The present invention relates to the field of email security and, more particularly, to enabling context aware enhancement for automatic electronic mail reply to mitigate risk.

Out-of-office email reply messages in email applications allow the user to specify a message to be sent automatically in reply to incoming emails when the user is unable to reply. For example, when a user is attending a conference in a different state than the office they work in, they can enable an out-of-office reply to incoming emails they receive during their attendance. Typically the user specifies the dates of their absence, contact information in case of emergency, and co-workers and report chain. The current systems rely on the user to set the recipient list correctly, listing all those that may see this information and all those that may not. This provides an opportunity for error and sensitive information that should not be shared by others, especially those that are not employees.

In particular, out-of-office notification systems can be used by hackers interested in “spearfishing” since it allows them to gain access to relevant information regarding the organization, as well as contextual information. For example, an attacker can send an email a random employee's email (e.g., obtained from a company website) to trigger an out-of-office reply (e.g., “Joe is out on vacation and Sally is covering for him”) which can be used to garner sensitive information. This kind of information can be used for social engineering to gain unauthorized access to company data and/or resources.

BRIEF SUMMARY

One aspect of the present invention can include a system, a computer program product and a method for enabling context aware enhancement for automatic electronic mail reply to mitigate risk. A current email addressed to an email address of a user account associated with a user can be received by an automated reply service with an automated reply enabled. The automated reply can include an automated reply notification. A current context of the current email can be compared to a previously established monitored reply history of the user to determine a normal reply to the email. A risk assessment can be applied to the default automated reply notification and the normal reply of the current email with weighting for current email aspects including urgency, recipients, sender, subject, and information in an automated reply notification. An action can be performed to the default automated reply notification based on the risk assessment.

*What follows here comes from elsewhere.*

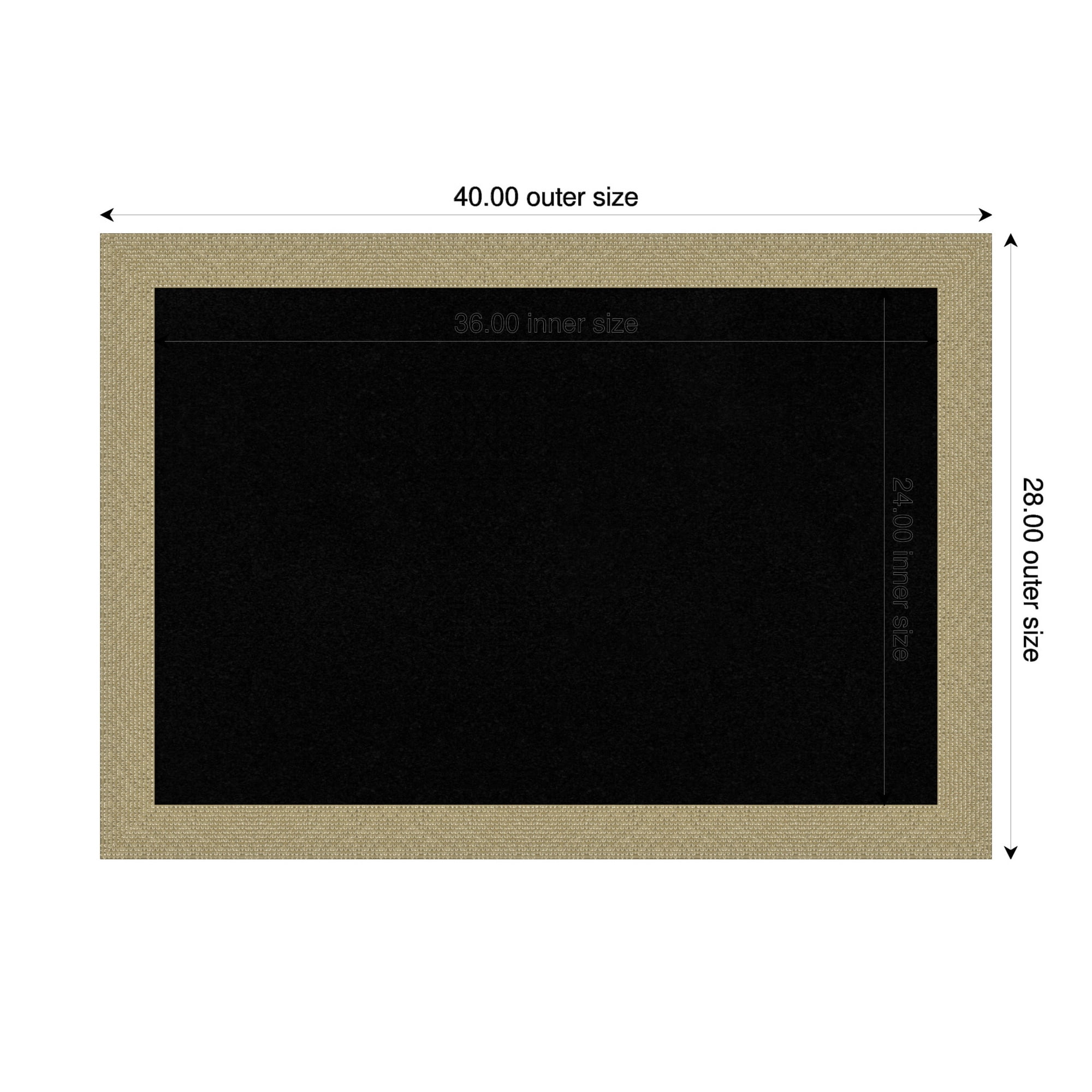 Amanti Art Black Cork Board Framed Mosaic Gold Bulletin Board 40 in. x 28 in.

Another aspect of the present invention can include a system, a computer program product and a method for enabling context aware enhancement for automatic electronic mail reply to mitigate risk. An engine for mitigating risk from an out-of-office reply by can modulate a default out-of-office setting associated with an email address of a user account associated with a user. The modulating can be performed utilizing a previously established historic behavioral context for the user based on a risk assessment of a received current email. A data store can persist at least one of the historic behavioral context and the current email triggering the out-of-office reply.

DETAILED DESCRIPTION

The present disclosure is a solution for enabling context aware enhancement for automatic electronic mail (email) reply to mitigate risk. In the solution, a historic behavior context for a user email can be collected. For example, metrics associated with email frequency, reply delay, can be collected to establish a natural user behavior (e.g., baseline). When the user email account is configured to automatic reply (e.g., out-of-office reply) and an email is received, the solution can determine when an automatic reply (e.g., out-of-office reply) can be sent. In one embodiment, the email can be analyzed to determine a risk score with generating an automatic reply to the email. In the embodiment, when the risk score is evaluated against a previously established risk threshold, the outcome of the evaluation can determine a programmatic action that can be performed. In one instance, if the automatic reply generated from a historic context is useful to the sender (e.g., risk score is less than a risk threshold), the reply can be delivered. In another instance, if the automatic reply is likely unnecessary (e.g., risk score is greater than a risk threshold), the reply can be suppressed or delayed. For example, if an email was sent to a large distribution list and the recipient was cc'ed on the email, the out-of-office (OOO) reply would be of little or no value to the sender and the OOO reply can be suppressed.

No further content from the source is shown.